As the COVID-19 global pandemic lingers, the search for new medicines and vaccines continues as existing treatments and medicines cannot cope with virus mutation. Public policies on the pricing of innovative, newly invented medicines and vaccines are among the important considerations, whether these new treatments will become available in certain countries or not.
I checked the drug pricing policies of our neighbors in the ASEAN and developed Asia. A friend showed me a copy of the latest quarterly report of IQVIA (formerly IMS Health) as it is a by-subscription paper only. Only the Philippines instituted a new drug price control policy, Malaysia plans to have one but no details are available at the moment. The rest use mechanisms that are more market-oriented and not coercive (see Table 1).
February’s EO 104, which imposed a max wholesale price and a max retail price for certain drugs, is on top of drug price control under EO 821 (July 2009, Gloria Arroyo administration) which remains in effect until today.
IQVIA also produced a country report on “Access to Innovation.” The main objective of the study is to understand the Philippines’ access to innovative medicines. I am thankful to another friend who shared with me that by subscription-only report.
The result is not good – so many new medicines, more disease-killing treatments are available in the developed world but are either not available in the Philippines, or made available only after more than two years (see Table 2).
The old EO 821 price control, threats of patent-confiscation via compulsory licensing, and endless attempts to have another round of drug price control, are among the factors why this thing happens.

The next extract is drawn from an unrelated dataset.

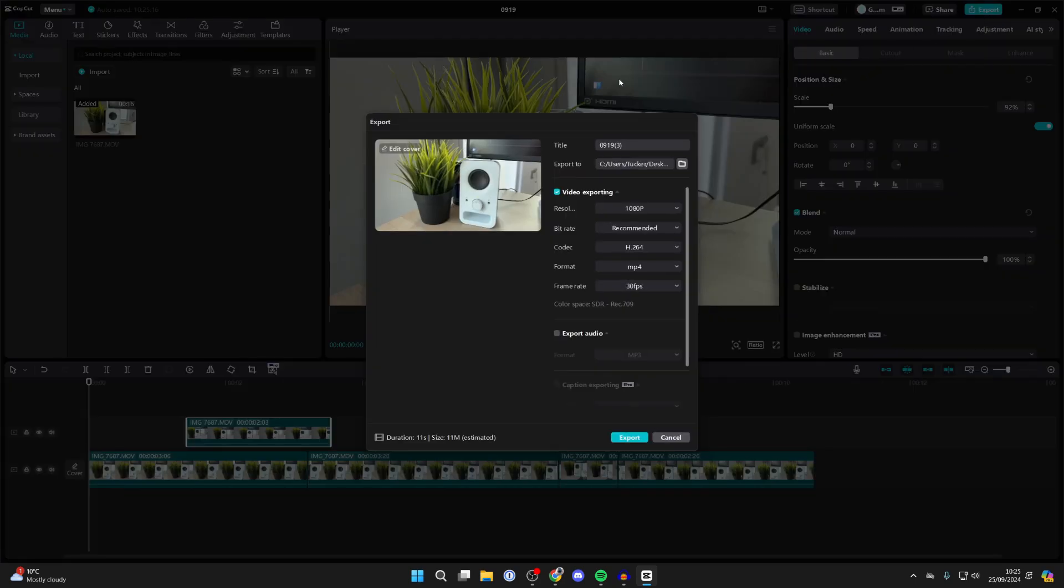You'll get this pop-up. First of all, name your project. I'll just name it 'project' like so. You can then choose where it's saved. Click on the file or folder icon to the right to change it.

There is a possibility — a danger — that when new treatments and vaccines are available against COVID-19 by early 2021, they may not be made available in the Philippines because of existing policies like price controls that penalize innovators.
President Rodrigo Duterte, Health Secretary Francisco Duque III, Senator Bong Go and other the other senators that pushed for price controls should be aware of the dangers of their policy. There are many mechanisms that government can take to have cheaper medicines like more competition among more innovators, negotiated pricing, bulk purchase, RSAs and PVAs, as shown in Table 1e.

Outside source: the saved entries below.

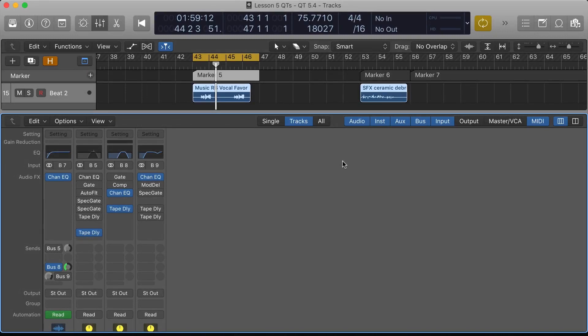In this movie we're going to look at sending signals to delays but doing some processing to those signals before they get to the delay. The idea is that we can modify the signal going to the delay.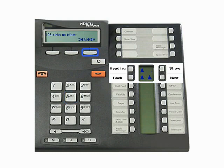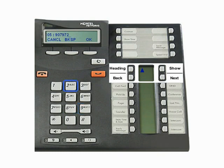Click on Change to enter a new telephone number into a previously unconfigured speed dial. You may need to enter a 9 or other access code before the telephone number. When you have finished typing the number, press OK.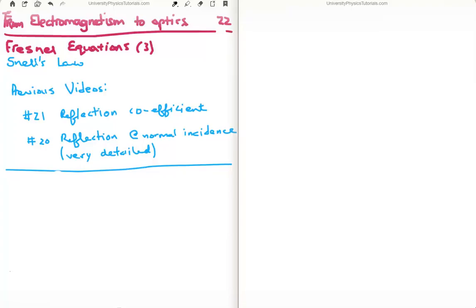Snell's law is one of the fundamental equations in optics and it's been around for a long time. In fact, proving it is probably one of the first experiments you might have done in the lab. So it's interesting to see where it comes from, and also interesting to see how little classical electromagnetism is actually required in order to derive such a fundamental equation.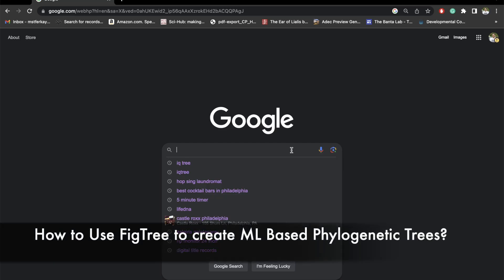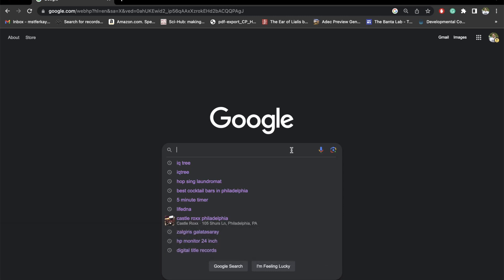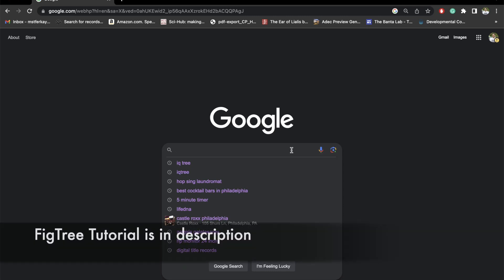Hi everyone. In this tutorial I will show you how to use IQtree to create maximum likelihood based phylogenetic trees, then how to use FigTree to visualize those trees.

On May 18, the member states of the World Health Organization (WHO) will gather in Geneva for the World Health Assembly and they will discuss new policies to fight the COVID-19 pandemic, among others.
That same day, a global coalition of 31 independent, non-government think tanks will release a new report, “A Joint Declaration on the Importance of Collaboration, Open Trade, and Innovation in Tackling COVID-19” (May 2020). Of these 31 think tanks, five are from the ASEAN: CIPS and Paramadina Institute (Indonesia), the Galen Center and KSO Institute (Malaysia), the Adam Smith Center (Singapore), and Minimal Government Thinkers (Philippines).

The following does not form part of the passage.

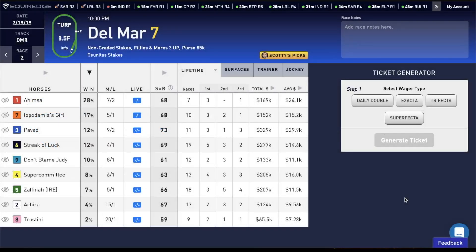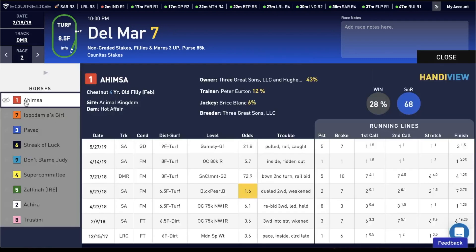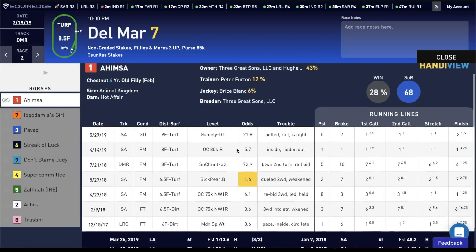In this video, we're going to show you how to access the HandyView, which is our version of past performances. You simply click the horse's saddlecloth number or name, and the HandyView opens to the right here.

Our paper suggests seven simple measures that governments can make to save more lives now:
1. Abolish tariffs on medical supplies and medicines;
2. Reject export bans on medical supplies;
3. Reduce Customs red tape;
4. Enable the free flow of relevant health data across borders;
5. Maintain transparency in collecting and sharing epidemiological data;
6. Increase cooperation with other countries to speed up drug approval; and,
7. Support innovation, including intellectual property rights.
We hope that member-governments of WHO will consider these points. Private investments and research have a natural inclination to find new solutions to old and emerging problems, they just need to be unshackled from various restrictions, regulations, and high taxation by governments.
Bienvenido S. Oplas, Jr. is the president of Minimal Government Thinkers.